Comparison of Hospital Mortality Rates After Burn Injury in New York State: A Risk-Adjusted Population-Based Observational Study
ABSTRACT Severity-adjusted mortality is an unequivocal measure of burn care success. Hospitals can be compared on this metric using administrative data because information required for calculating statistically adjusted risk of mortality is routinely collected on hospital admission.
The New York State Department of Health provided information on all 13,113 thermally injured patients hospitalized at 1 of 194 hospitals between 2004 and 2008. We compared hospital survival rates using a random effects logistic model of mortality that incorporated age and several predictors that were present on admission and captured as International Classification of Diseases-9 codes: burn surface area, inhalation injury, three measures of physiologic compromise, and four medical comorbidities. Hospitals were compared on the adjusted odds of death and the number of excess deaths.

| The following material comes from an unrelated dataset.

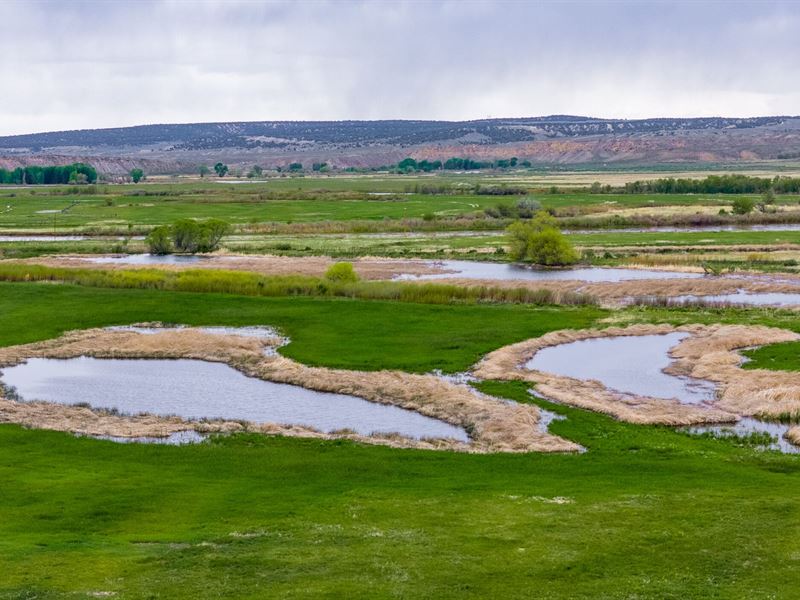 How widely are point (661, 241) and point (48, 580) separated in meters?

Overall mortality was 3.2%. Nine high-volume hospitals (>100 patients/year) cared for 83% of patients with burn injuries. Overall variability of the odds of mortality among these high-volume centers was modest (median odds ratio=1.2) and we found little evidence for differences in the adjusted odds of mortality. A secondary analysis of the 185 low-volume hospitals that cared for 2,235 patients disclosed only 24 deaths. When examined in aggregate, these hospitals had better than predicted risk-adjusted mortality; a logical explanation is judicious case selection.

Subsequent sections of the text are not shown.